> [Required work]:
Produce an exact transcription of the data, with the images left out.

> [Supplied records]:
----

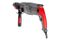 Перфоратор прямий Intertool 850Вт DFR (DT-0184)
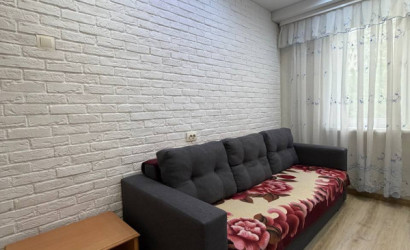 Снять 2-комнатную квартиру на сутки, Гродно, ул. Щорса , д. 50к1. Фото 12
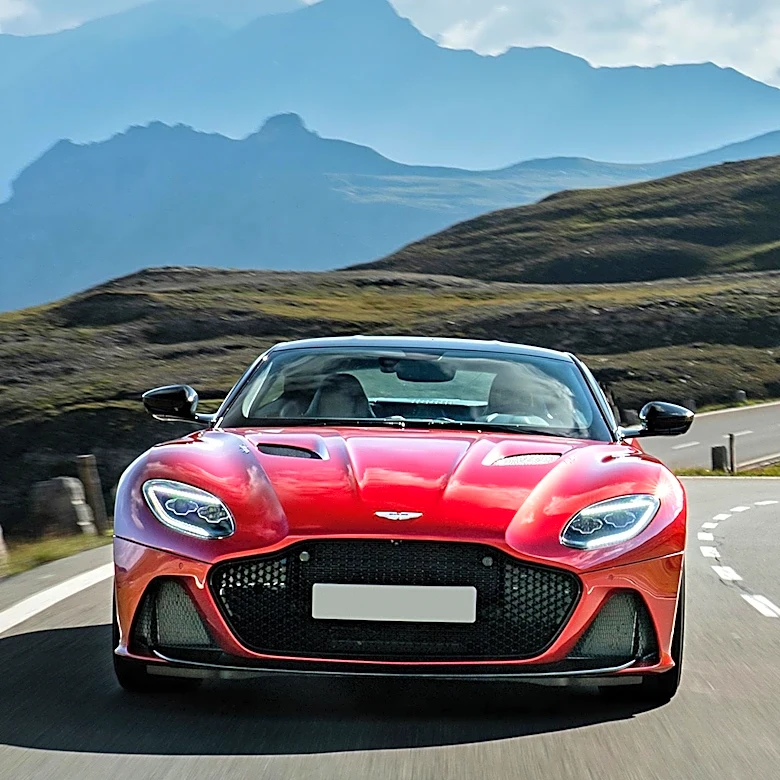 Aston Martin and Honda Overcome Initial Struggles with New Engine Developments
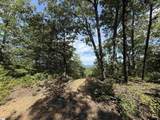 1140 Packs Mountain Ridge Road - Photo 4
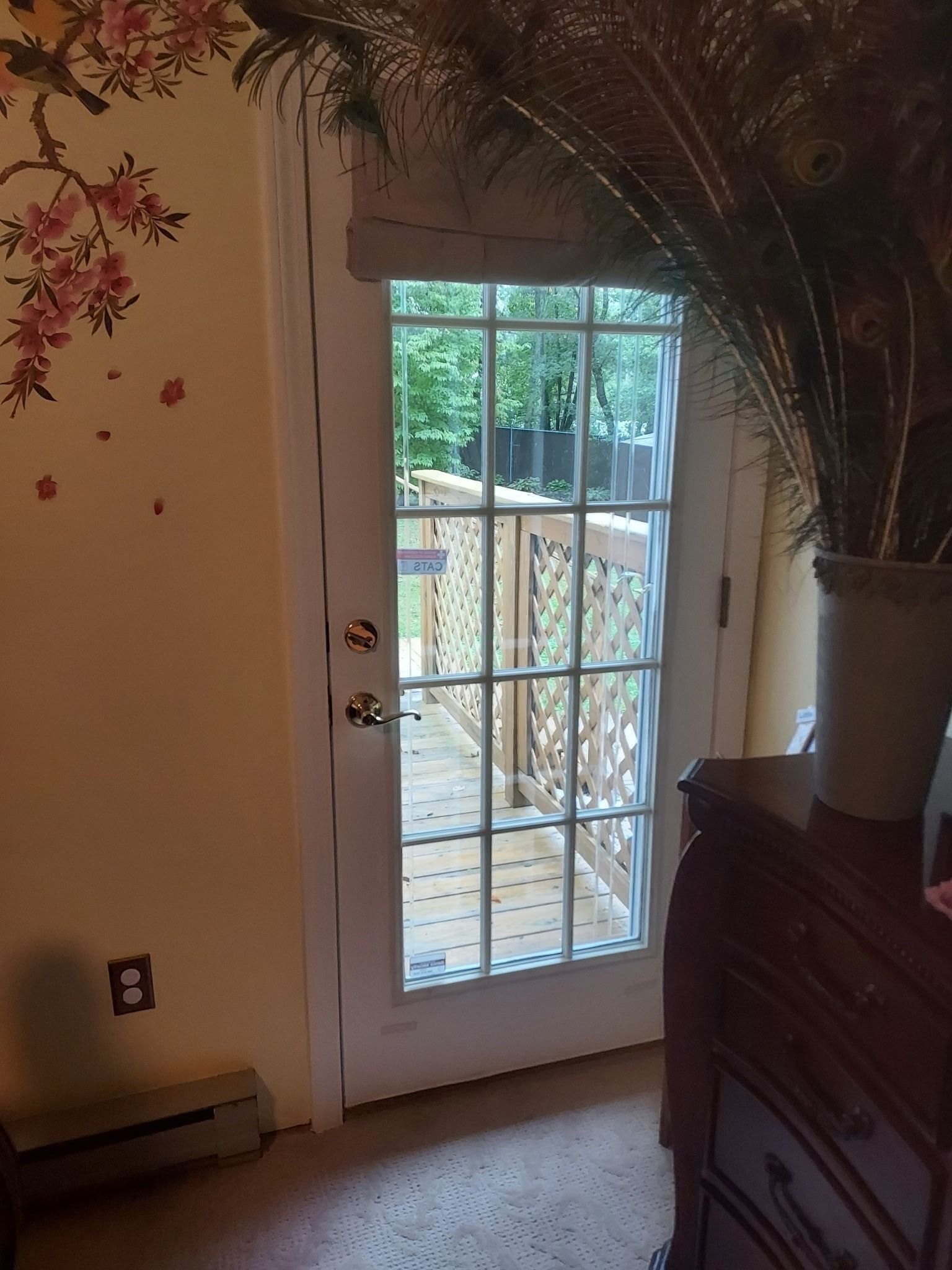 25 Holloway St Berkley — Photo 27 of 38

----

> [Response to this exercise]:
 Перфоратор прямий Intertool 850Вт DFR (DT-0184)
 Снять 2-комнатную квартиру на сутки, Гродно, ул. Щорса , д. 50к1. Фото 12
 Aston Martin and Honda Overcome Initial Struggles with New Engine Developments
 1140 Packs Mountain Ridge Road - Photo 4
 25 Holloway St Berkley — Photo 27 of 38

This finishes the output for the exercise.